Written by: Dan Roarty is Chief Investment Officer—Thematic and Sustainable Equities
Sustainable investing is often misunderstood.
Many investors think a sustainable agenda limits a portfolio to a narrow piece of the market. In fact, plenty of stocks can help investors
create social benefits while generating strong returns—if you know how to find them.
Conventional wisdom suggests that creating a sustainable equity portfolio is a restrictive exercise that involves screening out stocks and fishing in a condensed subset of the broader equity market. Our research shows the opposite: many companies across a wide range of industries and countries are in fact aligned with the United Nations Sustainable Development Goals (SDG).
We identified companies with at least US$1 billion in market capitalization that generate some portion of their revenues from the sale of SDG-aligned products and services.

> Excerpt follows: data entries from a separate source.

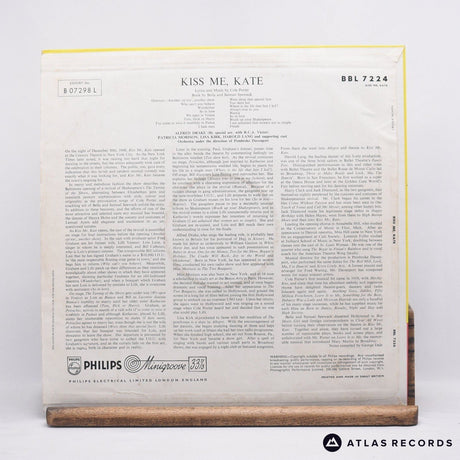 Cole Porter - Kiss Me, Kate - LP Vinyl Record - VG+/VG+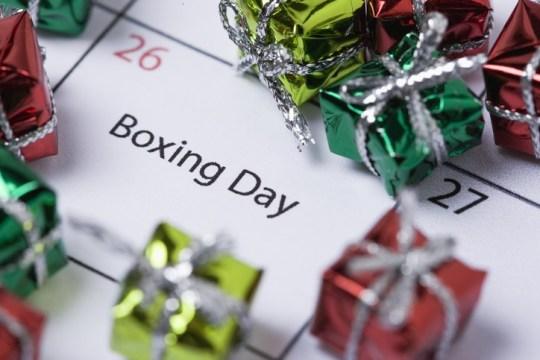 Happy Boxing Day – Granite FamilySearch Center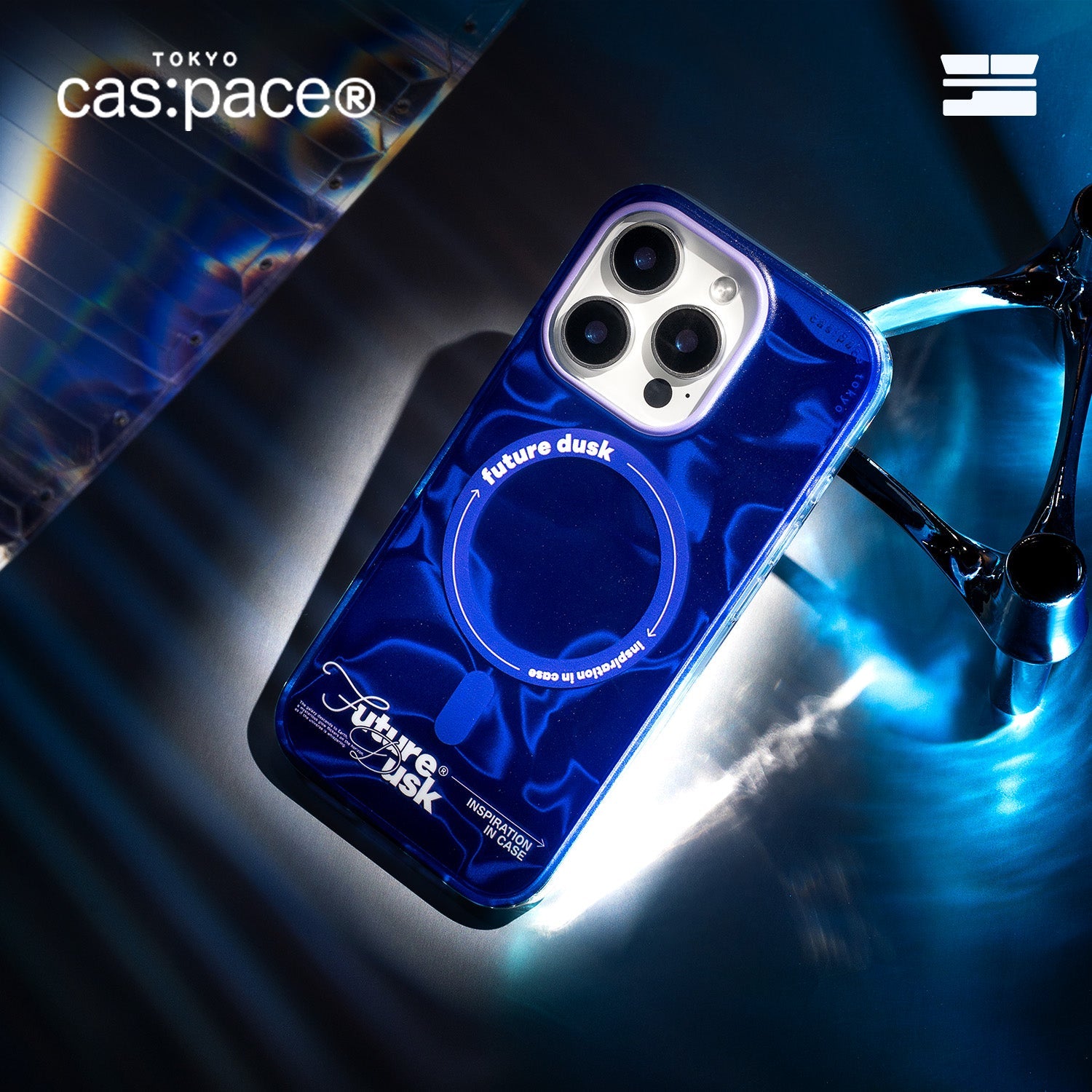 cas:pace 25S/S MagSafe対応「future dusk」携帯ケース - cas:pace 殼空間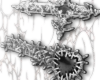 â± emo hairclips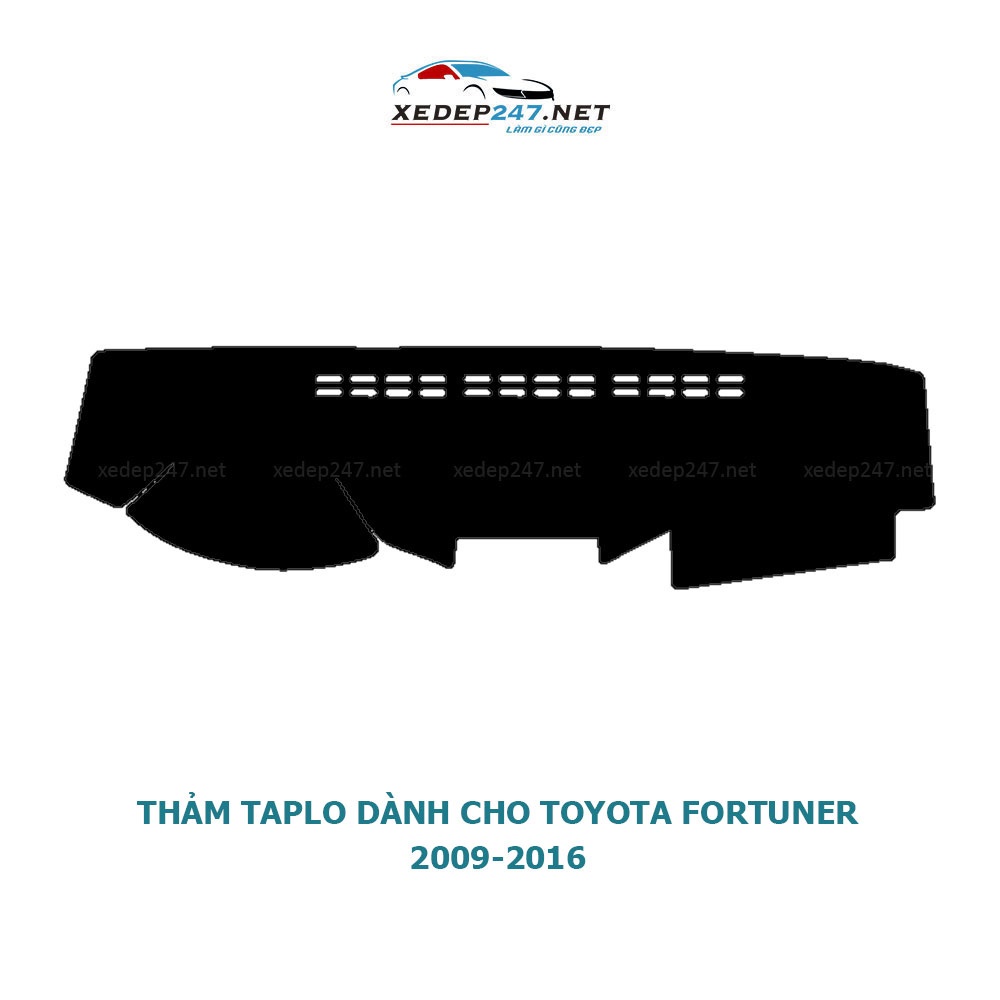 Thảm Taplo dành cho xe Toyota Fortuner 2009-2022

Identifying and researching these companies allows us to better understand the implications of sustainable investing, report portfolio and benchmark performance and alignment with the SDGs, and dispels some common misperceptions about sustainable investing.
Diversification Potential Is Greater than Perceived
Among companies that we surveyed around the world, 1,408 are aligned with the SDGs, and 976 of those are included in the MSCI ACWI. Together, these companies represent 51% of the benchmark’s market capitalization. These companies exist in all sectors and geographies (
Display), which means there’s ample opportunity to construct well-diversified global or regional portfolios using a sustainable investing lens. For example, we found 418 US companies that are aligned with the SDGs, including 197 in the S&P 500 Index, representing 56% of the benchmark’s weight.
Many clients also assume that they must sacrifice financial returns to invest sustainably. We disagree.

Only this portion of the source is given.